▶ [The task]:
Below are the records; give again exactly the lines from the one containing "Eagles t shirts walmart best sale" through the one containing "Mercedes-Benz GLE I", leaving out pictures.

▶ [Data extracted from a collection]:
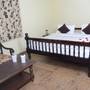 Горящие туры в отель Hotel Grande Residency - 6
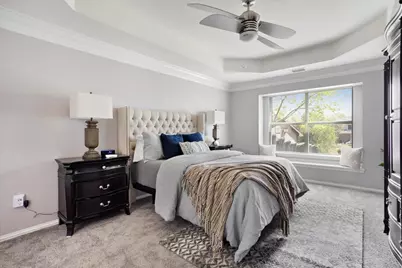 608 Lake Village Drive, McKinney, TX 75071 - Photo 20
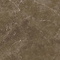 Aparel Alma Ceramica GFU6060APL40L керамогранит лаппатированный 600*600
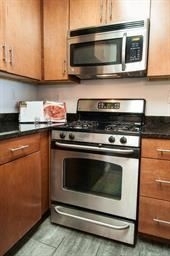 8300 Manitoba St Apt 313 - Photo 7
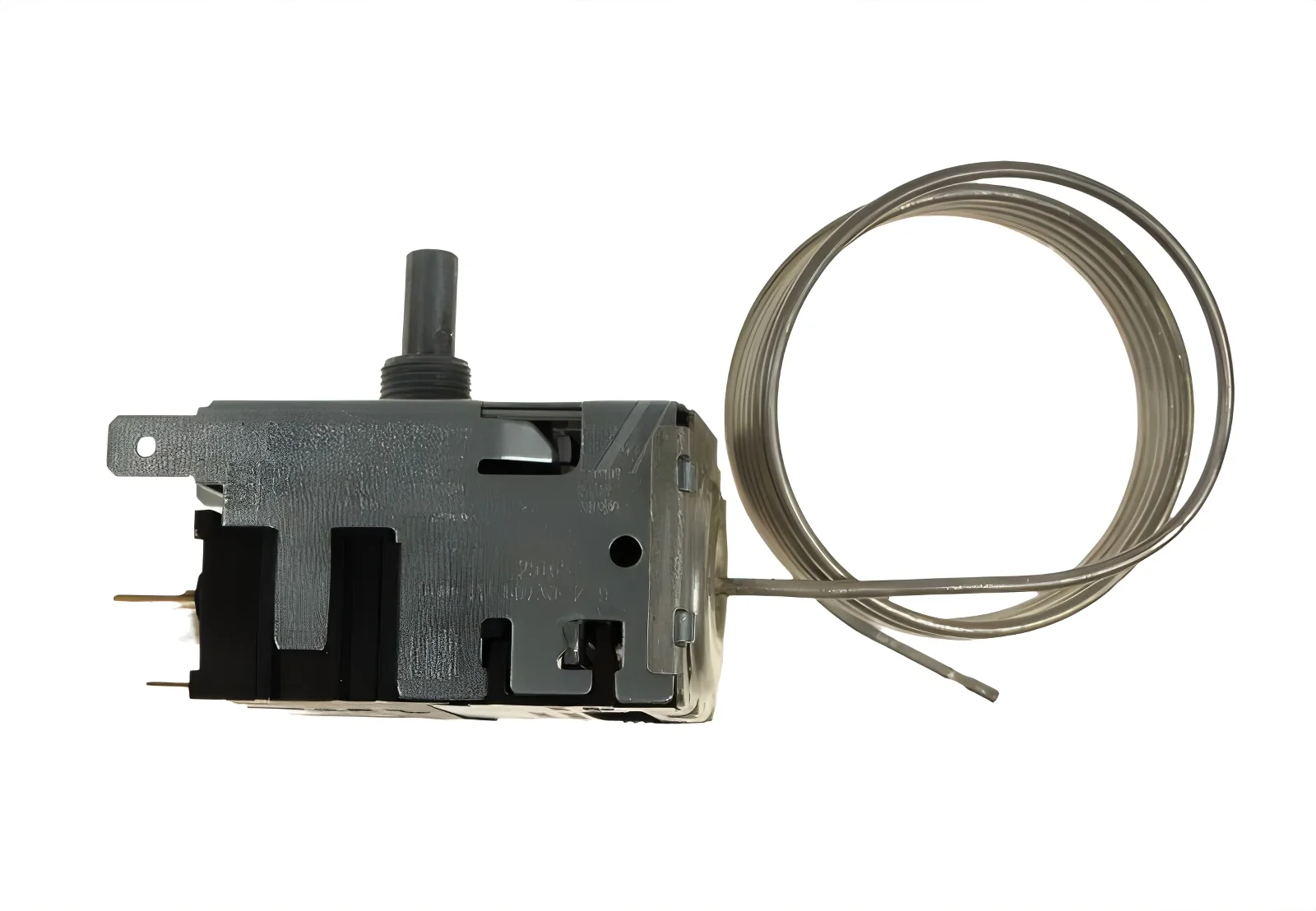 Brandt 45X9428 - 077b6642 thermostat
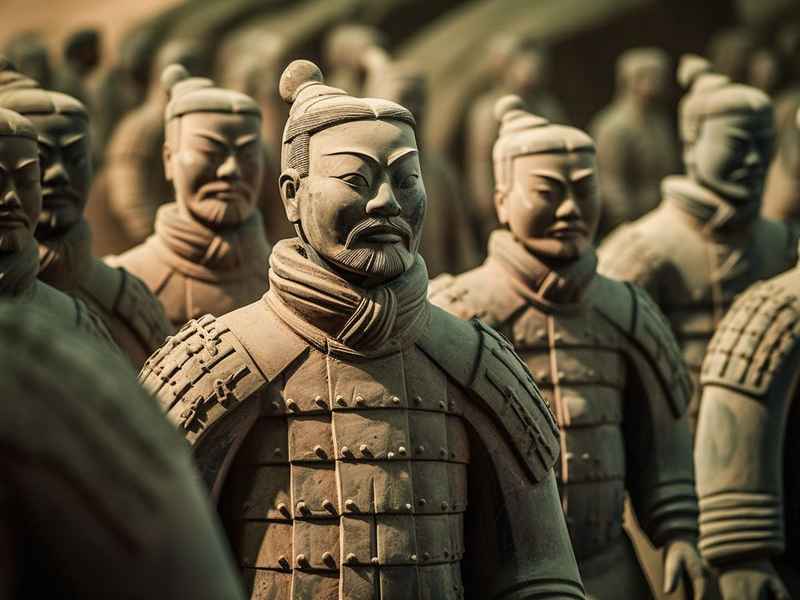 古代军旅生活的诗句 - 古代军旅生活的诗句有哪些 古代军旅生活的诗句 - 古代军旅生活的诗句有哪些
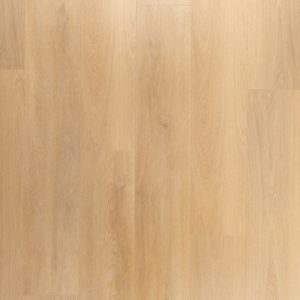 Riante Plank Brioche
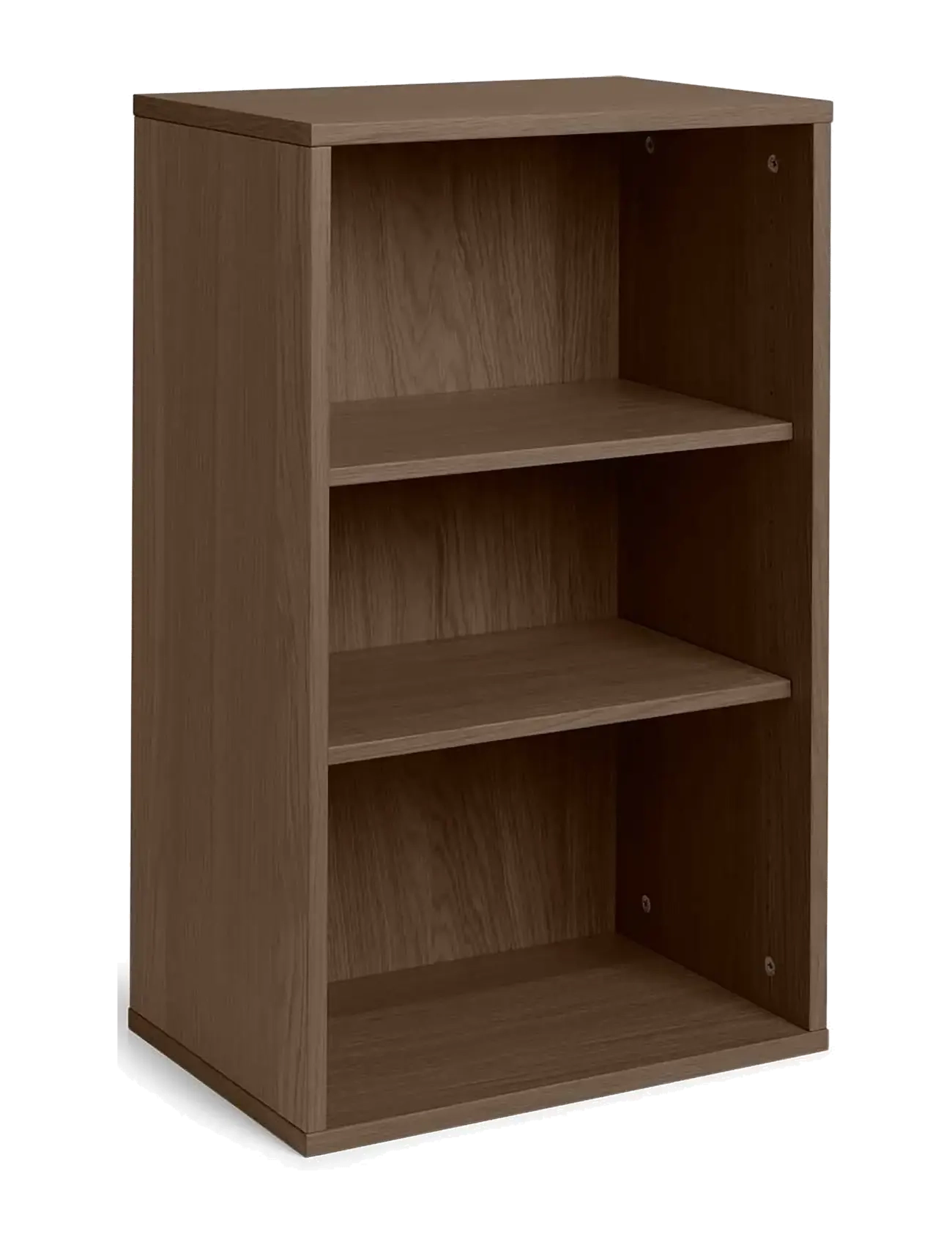 ReCollector - Wall Cabinet - Dark Oak - dark oak - 3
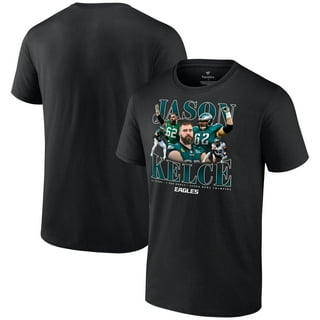 Eagles t shirts walmart best sale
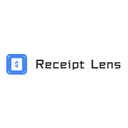 Receipt Lens Reviews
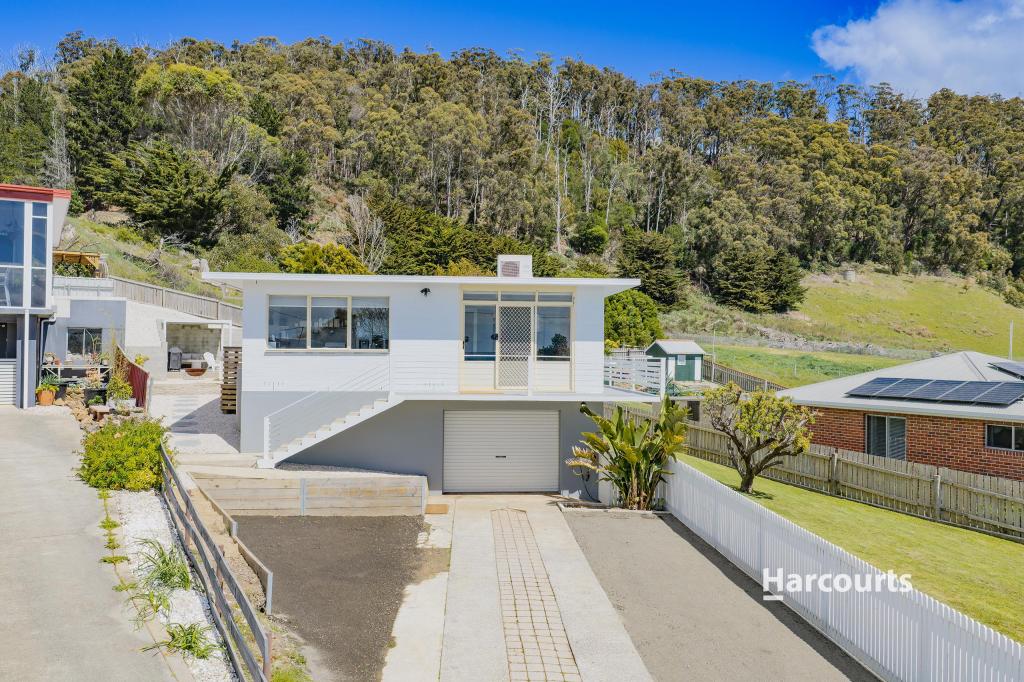 10 Glenburn Cres, Sulphur Creek, TAS 7316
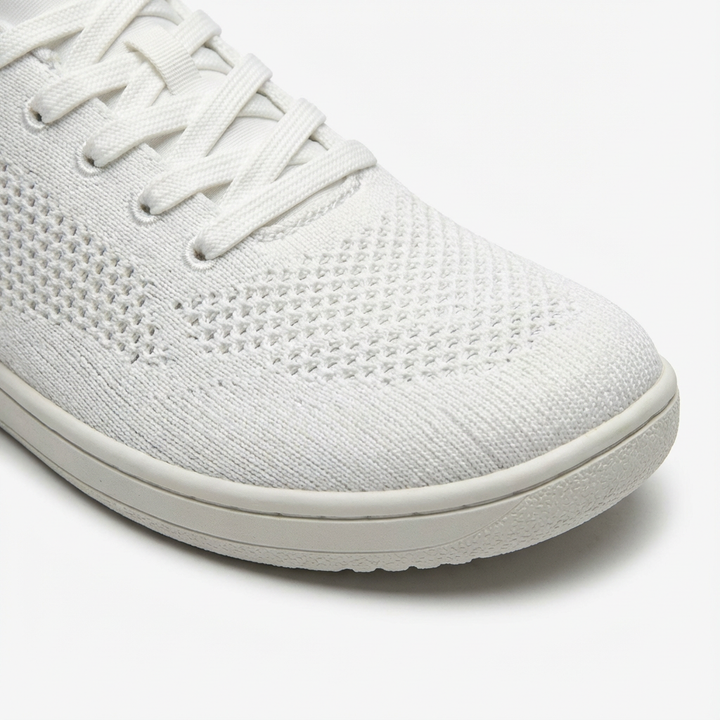 Aire - Zapatos Barefoot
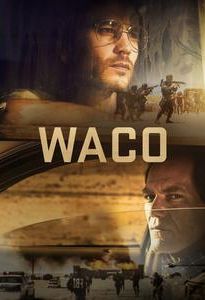 Waco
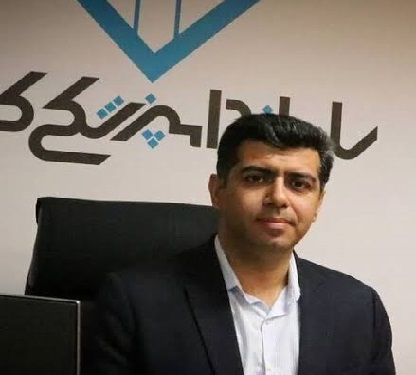 وحید صالحی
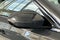 2026 BMW 7 Series 740i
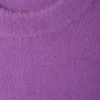 Maglione da donna Sapowood Codice: SAP18BH26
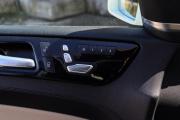 Mercedes-Benz GLE I (W166) Москва  - изображение 46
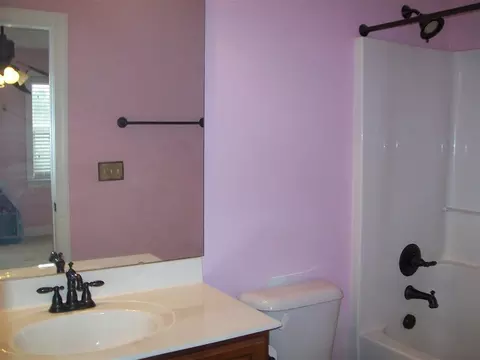 1104 Denby Pt, Wake Forest, NC 27587 photo 15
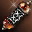 Etc spell shot red i01 0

▶ [Completed task]:
 Eagles t shirts walmart best sale
 Receipt Lens Reviews
 10 Glenburn Cres, Sulphur Creek, TAS 7316
 Aire - Zapatos Barefoot
 Waco
 وحید صالحی
 2026 BMW 7 Series 740i
 Maglione da donna Sapowood Codice: SAP18BH26
 Mercedes-Benz GLE I (W166) Москва  - изображение 46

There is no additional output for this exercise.